> _GOAL OF THE EXERCISE_:
These records contain pictures, which must be left out; copy exactly the lines from the one with "Electrolux Aspirator vertical" up to and including the one with "Jurassic World Survival".

> _RECORDS_:
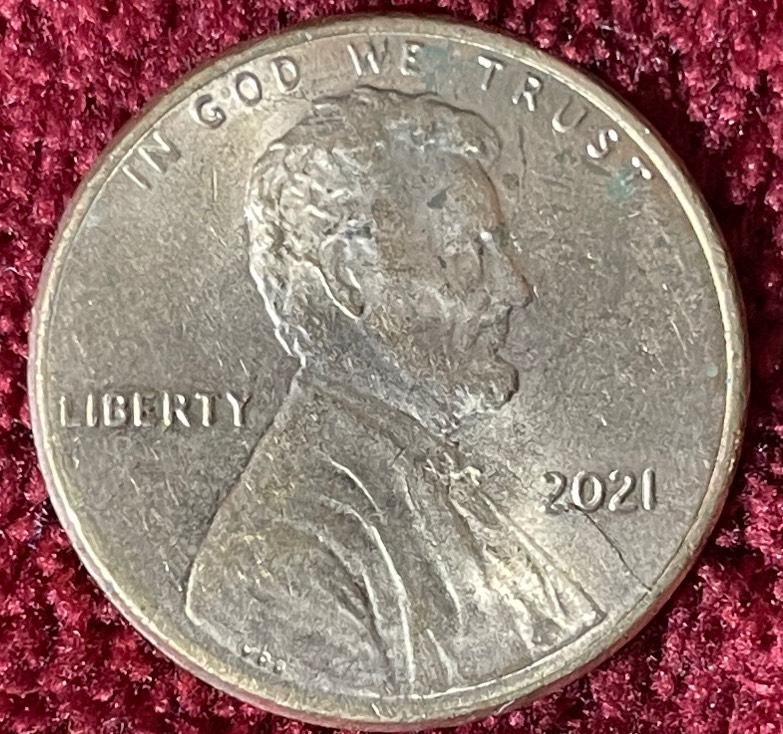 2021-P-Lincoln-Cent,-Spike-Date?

---

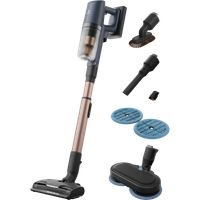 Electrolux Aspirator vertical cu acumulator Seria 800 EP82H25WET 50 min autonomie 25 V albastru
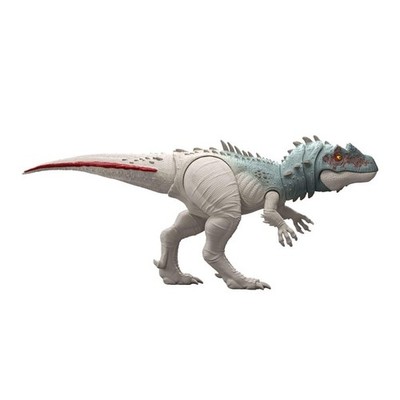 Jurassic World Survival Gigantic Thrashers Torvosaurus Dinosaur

> _FINISHED TASK_:
 Electrolux Aspirator vertical cu acumulator Seria 800 EP82H25WET 50 min autonomie 25 V albastru
 Jurassic World Survival Gigantic Thrashers Torvosaurus Dinosaur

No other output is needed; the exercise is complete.